Cass. civ. Sez. II, Sent., 25-06-2012, n. 10575 Costruzioni in aderenza

Sentenza scelta dal dott. Domenico Cirasole direttore del sito giuridico http://www.gadit.it/

Svolgimento del processo

G.A. e M.G., al quale sono succeduti mortis causa i figli P. e A., nel 1989 chiedevano con denuncia di nuova opera che, previa sospensione dell’opera, fosse ordinato a S.E. di demolire e arretrare il garage in corso di costruzione in (OMISSIS), a confine con la loro proprietà.

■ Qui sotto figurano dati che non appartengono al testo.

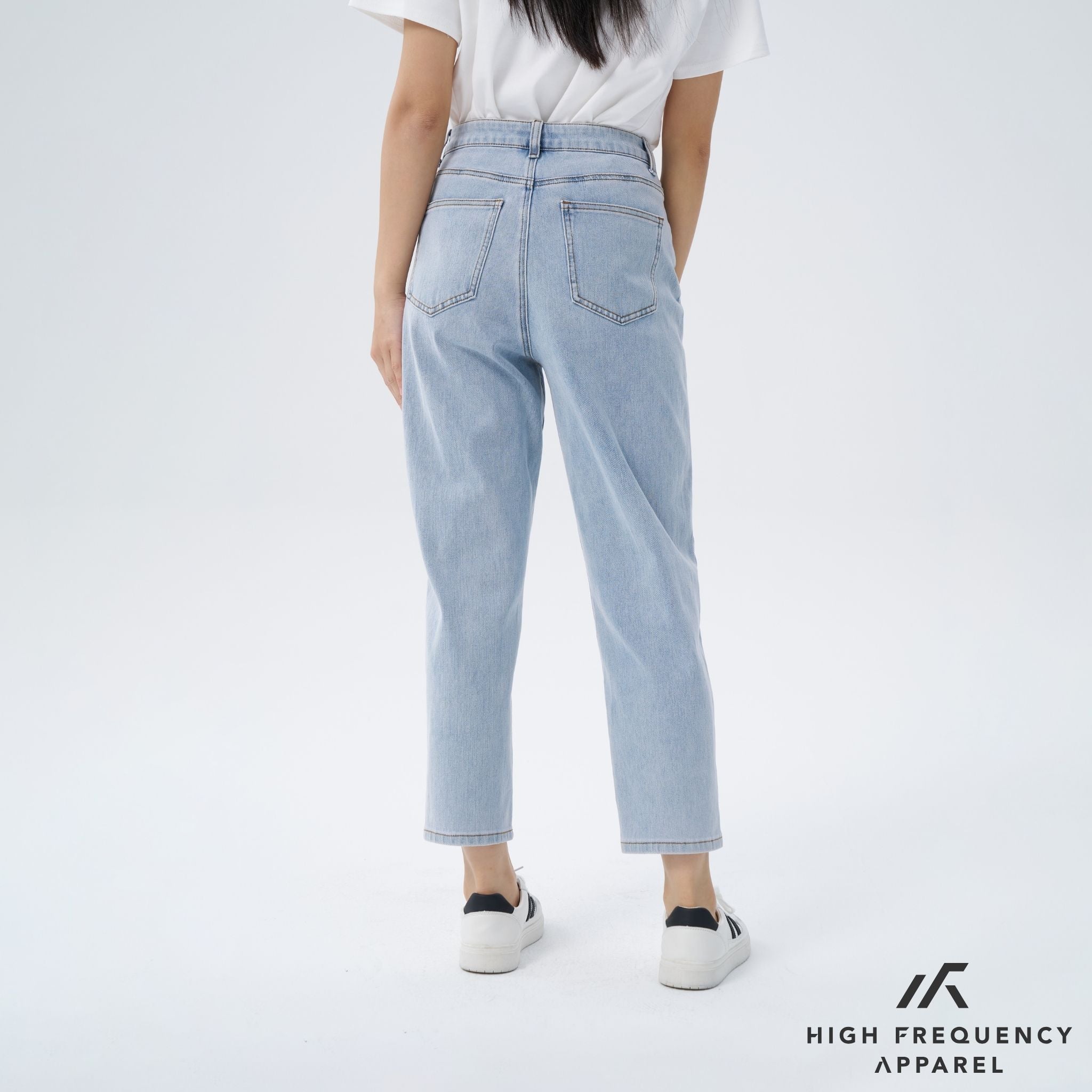 High Waisted Ankle-Length Mom Denim Jeans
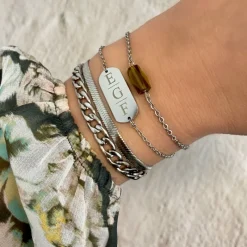 Finaste Bar armband graveren 3 letters Clearance
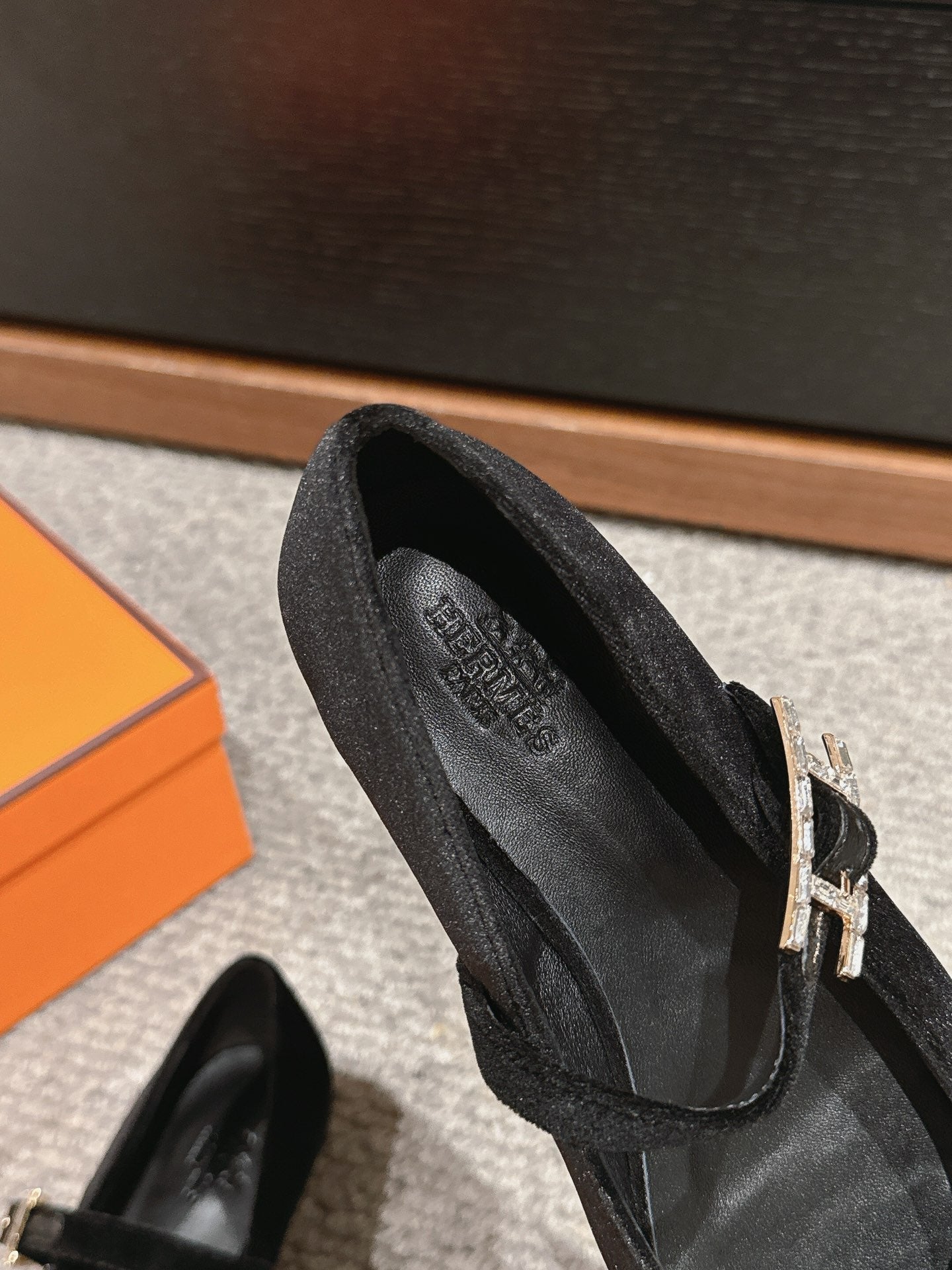 JANE BALLET FLAT BLACK VELVET - 35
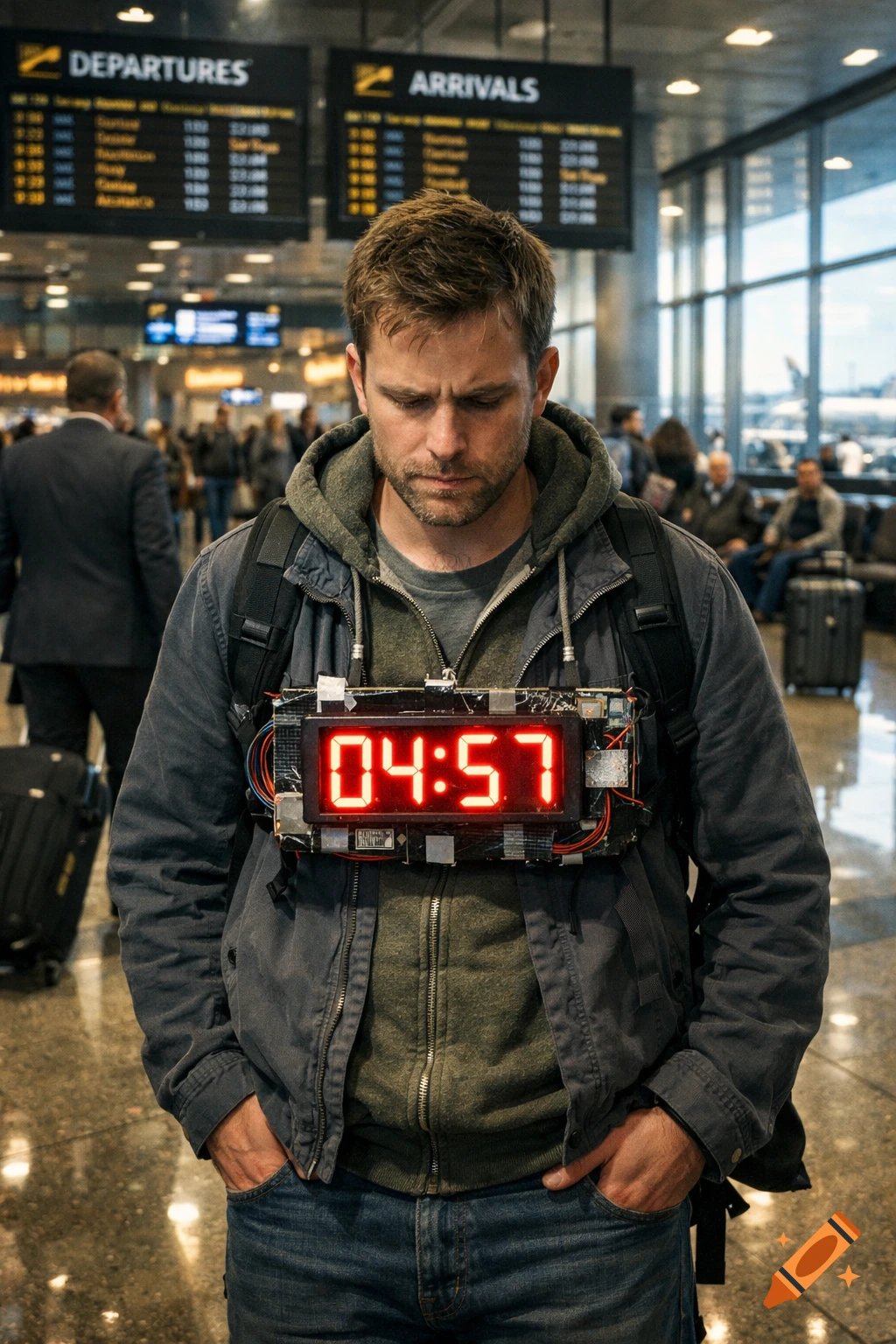 A man with a digital timer device strapped to his chest stands in a busy airport terminal, looking anxious. Photorealistic style.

Il tribunale di Savona, nel 2006, disattese le difese del convenuto, ordinava l’arretramento dell’autorimessa sino a 5 ml dal confine delle due proprietà e sino a 10 mi dal caseggiato dei ricorrenti.

Con sentenza 7 ottobre 2009, notificata il 19 gennaio, la Corte d’appello di Genova rigettava l’appello del convenuto.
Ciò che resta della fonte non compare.